:: Task prompt ::
Please copy every record below exactly and leave out the pictures.

%%

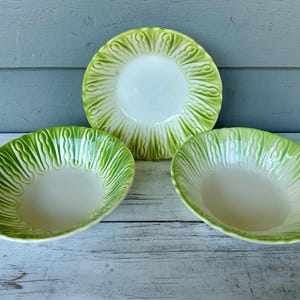 May include: Three ceramic serving dishes with a lettuce leaf design. The set includes two oval bowls and one round plate. The rims are a bright green, and the interiors are a creamy white. The dishes are arranged on a light-colored wooden surface.
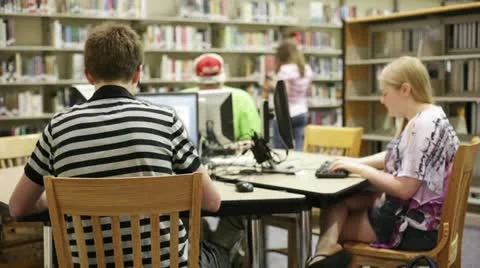 Students in school library Video stock 11412938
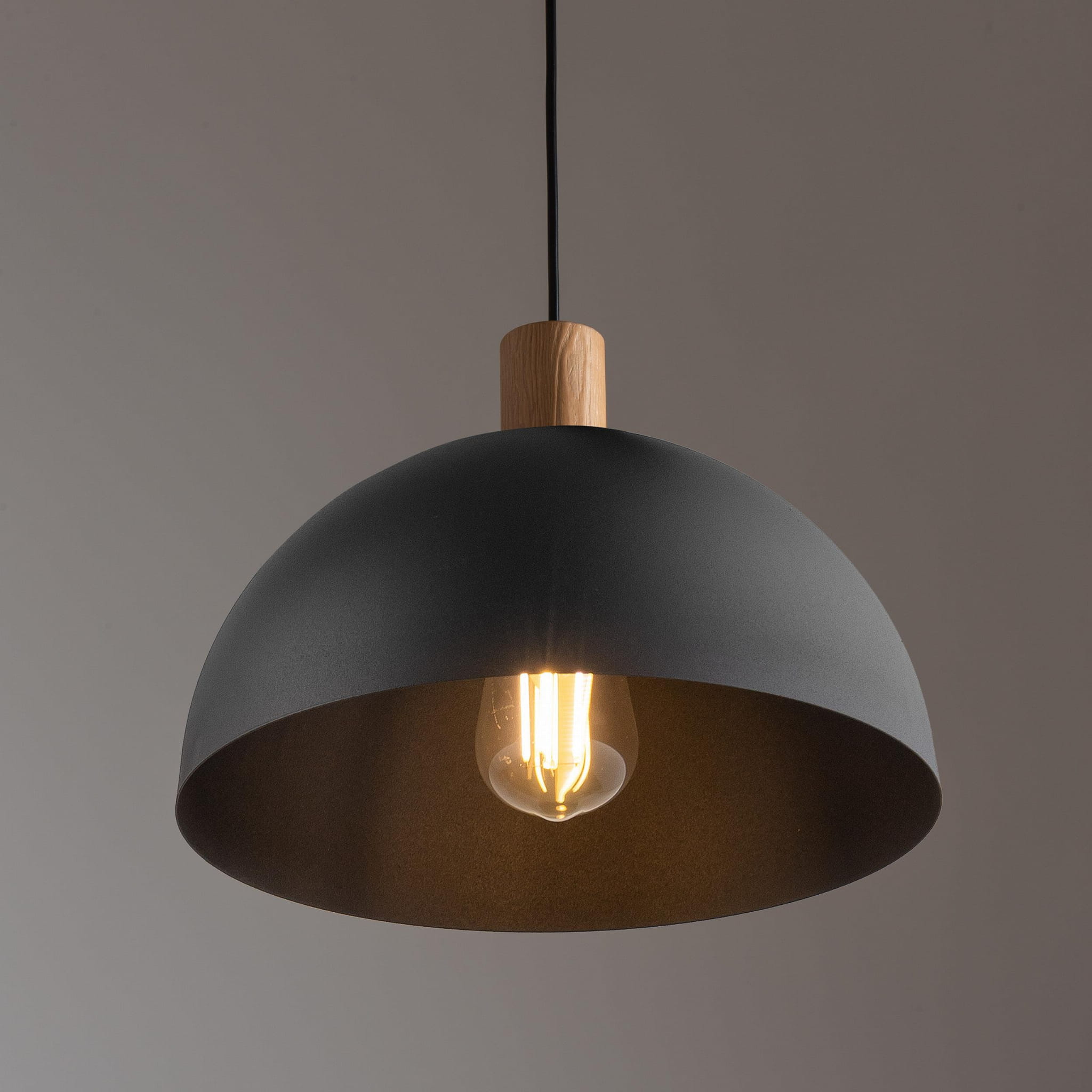 Czarna lampa wisząca Oslo z metalowym kloszem w kształcie półkuli i drewnianym uchwytem. Widoczna żarówka w środku, zawieszona na czarnym kablu. Prosta forma, idealna do nowoczesnych wnętrz.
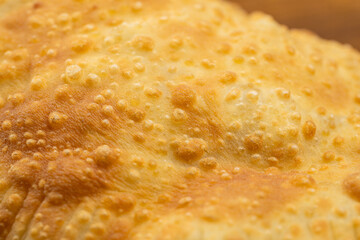 Traditional deep fried cheburek with golden crust served on wooden board, top view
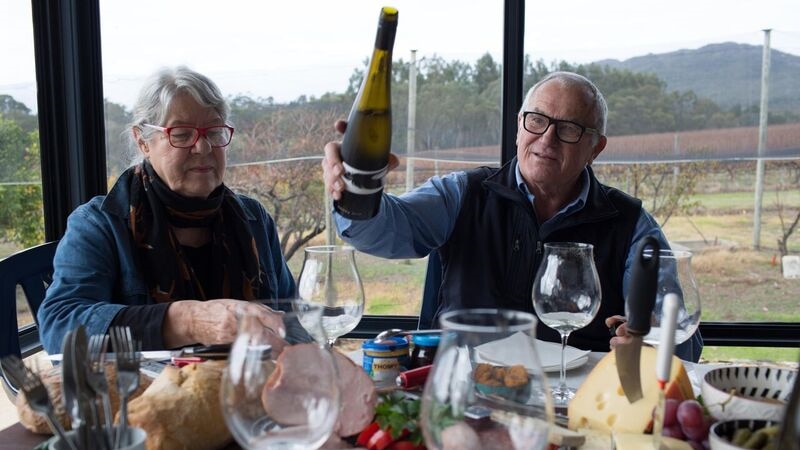 An older couple pour a glass of wine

%%

:: Answer to the exercise ::
 May include: Three ceramic serving dishes with a lettuce leaf design. The set includes two oval bowls and one round plate. The rims are a bright green, and the interiors are a creamy white. The dishes are arranged on a light-colored wooden surface.
 Students in school library Video stock 11412938
 Czarna lampa wisząca Oslo z metalowym kloszem w kształcie półkuli i drewnianym uchwytem. Widoczna żarówka w środku, zawieszona na czarnym kablu. Prosta forma, idealna do nowoczesnych wnętrz.
 Traditional deep fried cheburek with golden crust served on wooden board, top view
 An older couple pour a glass of wine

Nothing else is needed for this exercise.